Although it took a long time, it was the realisation of a pledge the Borno government had made while interacting with the community earlier this year.

Residents of Kirawa community in Borno state, Northeast Nigeria, expressed appreciation over the reopening of its primary school after it was closed down about eight years ago when the community was displaced by terror and violence as a result of the Boko Haram insurgency.

The opening ceremony took place at the school’s premises on Nov. 16, five months after displaced people from the community were resettled back. 

Although it took a long time, it was the realisation of a pledge the Borno government had made while interacting with the community earlier this year. 

Abdullahi Ummate, representing the supervisory headmaster of Gwoza East, Zone C, which consists of 12 primary schools, said, “we are grateful to the government for rebuilding and repairing our community schools.”

According to Abdullahi, out of the 12 primary schools located in Zone C, Kirawa Primary School is the only school that has been rebuilt and opened since the resettlement of communities in the area began.

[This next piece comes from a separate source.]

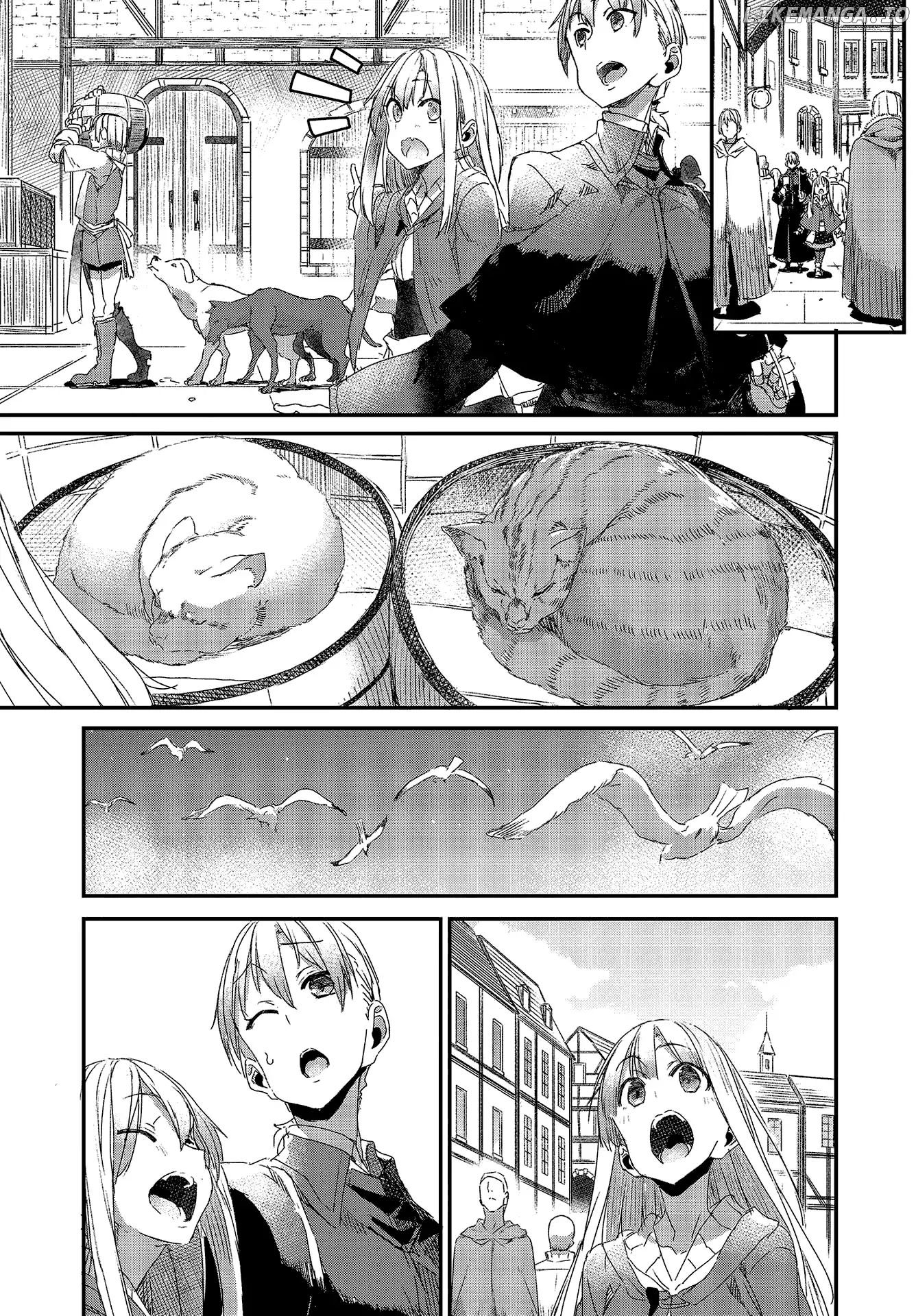 Wolf & Parchment: New Theory Spice & Wolf chapter 3 - page 18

This development has raised parents’ confidence in the continuity of their children’s education. Part of their society’s development has been shattered since the advent of the insurgency. 

Umate Malla, a resident of Kirawa, said, “this is a good development, and we encourage more of this kind of progress as our people are resilient.”

Throughout their displacement, which started in 2014, residents of the community had largely been living at Internally Displaced Persons (IDPs) camps and host communities across Maiduguri, the capital city of Borno state. Some residents had fled to neighbouring countries like Cameroon and Chad as refugees.

During their stay in camps and host communities, the schooling of their children was an important concern. Some of them enjoyed basic education at school facilities provided by humanitarian organisations at some IDP camps, and others whose parents were economically stable enrolled them on various public and private schools in the city.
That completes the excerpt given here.